Listening to a talk by the director of the Iowa Young Writer’s Studio, and author of Irreplaceable, Steven Lovely, entitiled “Marathon Training for the Fiction Writer: Conditioning Your Body and Mind to Go the Distance,” I was struck by his definition of a writer:
You are a writer if you write with seriousness and intention.
This is the essence I think. Being a writer has nothing to do with whether you’re published or only accumulating a pile of manuscripts to gather dust on the coffee table, next to an equally tall pile of rejection letters.
Writing is about the need to communicate the stuff bouncing around in your skull to another human being, even if the other human is just you.
According to Lovely, when writers write they:
…are carefully, meticulously constructing a communication, an experience in language with which a reader will engage, alone, singly, privately.
This communication, this constructed experience, if it’s worth anything, will convey your impression of the world, incarnate in small slice of it, and your understanding of the people and forces at work there.
It will explore, and reveal, and illuminate. It will organize and synthesize. It will require that your reader devote a portion of their busy, finite life to processing it.
When writing a fiction, you’re writing a piece of software, a program, and asking someone else to install it in their head; to run it in their mind. You’re asking to take control of their perceptual processes. This seems to me a bold and audacious request.
So why should anyone should honor this request? The question strikes at the heart of the great insecurity lurking in the soul of every writer.
Yes, I just spent two years, ten years, most of my life, thinking and scribbling, to churn out what I think is important and worthwhile. It is so, because what I have really done, is carve off a piece of myself for you to chew on. I consider it worthy of your overstressed and limited attention.
But will you now reject my work—and me—as underdone and flavorless?
I may aspire to be another Faulkner, Solzhenitsyn, or Bronte, but very few writers ever reach those lofty heights. Will my potential readers turn away because I am not Jonathan Franzen?

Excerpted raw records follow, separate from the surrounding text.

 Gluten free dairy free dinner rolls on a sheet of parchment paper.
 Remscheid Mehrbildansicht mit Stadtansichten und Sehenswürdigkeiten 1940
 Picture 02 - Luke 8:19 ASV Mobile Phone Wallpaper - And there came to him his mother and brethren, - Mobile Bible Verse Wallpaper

If so, why continue if I can’t scale those heights myself? Why put myself out there to be disregarded as plodding, trite, unoriginal? Or worse, totally ignored.
Lovely to the rescue:
What pleasure is there, what opportunity for personal and artistic achievement is there, in aiming low? The pleasure of writing, one of the few pleasures of writing, is to strain against the limits of one’s potential and occasionally break through.

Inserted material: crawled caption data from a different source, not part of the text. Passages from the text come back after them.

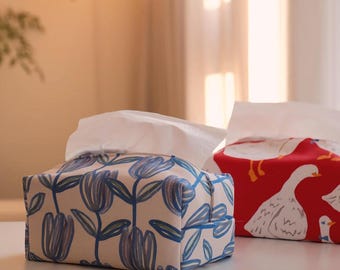 Patrón de costura para funda de caja de pañuelos de tela, soporte para pañuelos en PDF, proyecto de costura para decoración del hogar ideal para principiantes (VIDEO TUTORIAL)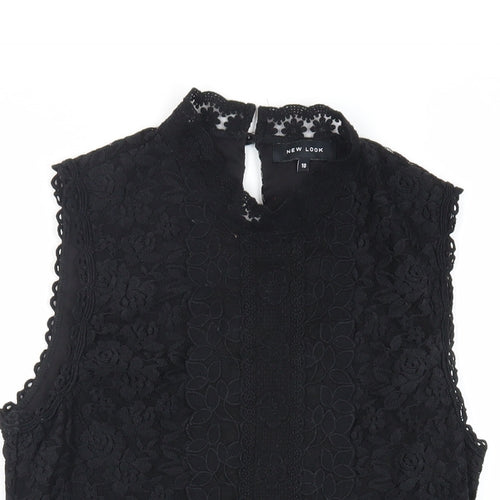 New Look Womens Black Polyamide Basic Blouse Size 10 Mock Neck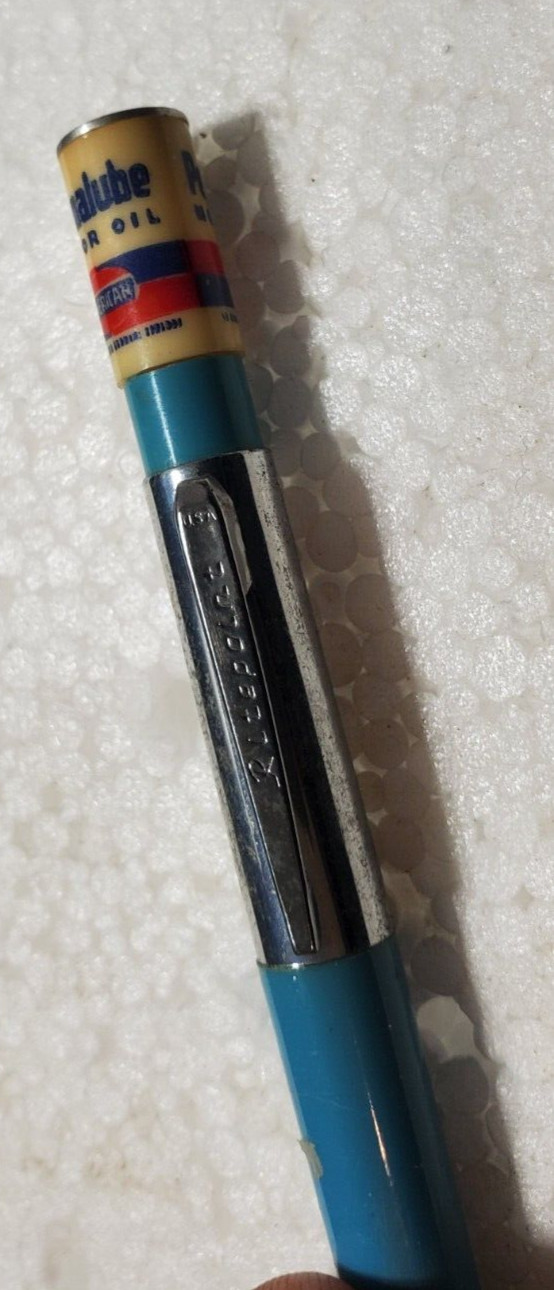 Vintage RITEPOINT PEN PERMALUBE AMERICAN MOTOR OIL Pen GAS ADVERTISING Topper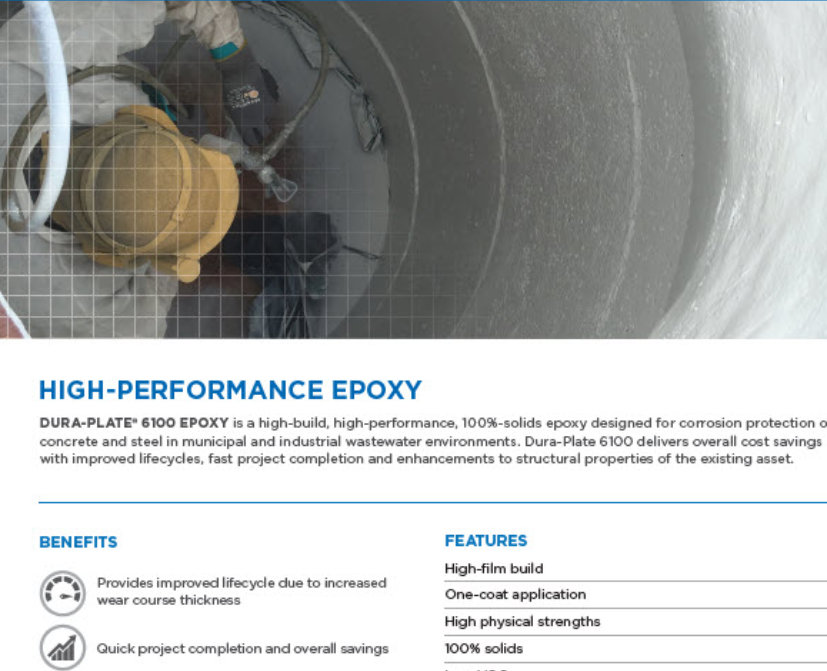 First page of Duraplate 6100 brochure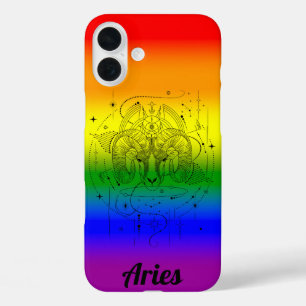 Aries Zodiac LGBTQ Pride Rainbow Design iPhone 16 Plus Case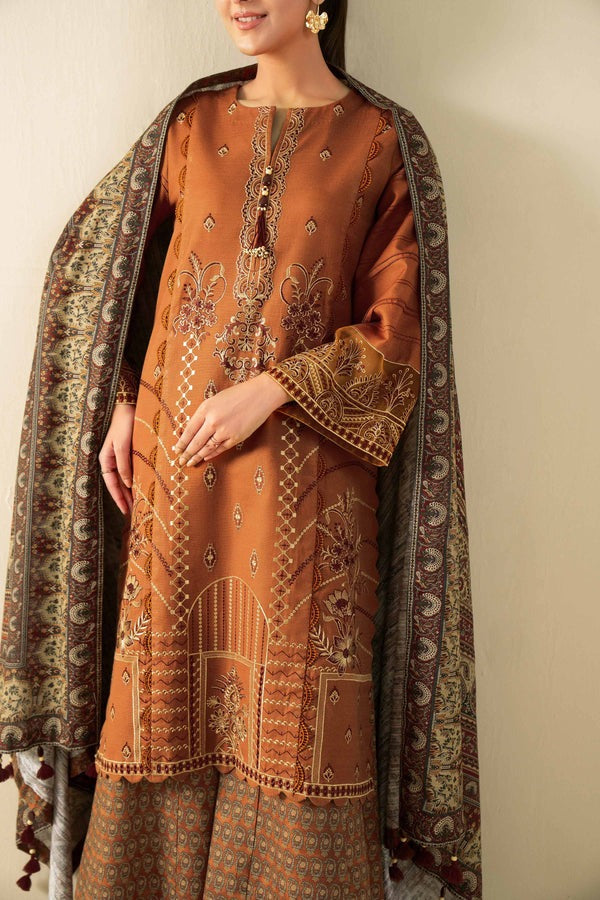 3 Piece - Digital Printed Embroidered Suit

And herein lies the secret to all of life, no? Whatever we do, be it writing, our profession, relationships, spiritual progress, it’s pushing against those boundaries that keep us from becoming more than we were yesterday, that makes life worth living.
This is an end in itself, worthy of pursuit, regardless of how often we succeed or fail.
A writer, indeed any developing human being, is one who lives seriously and intentionally.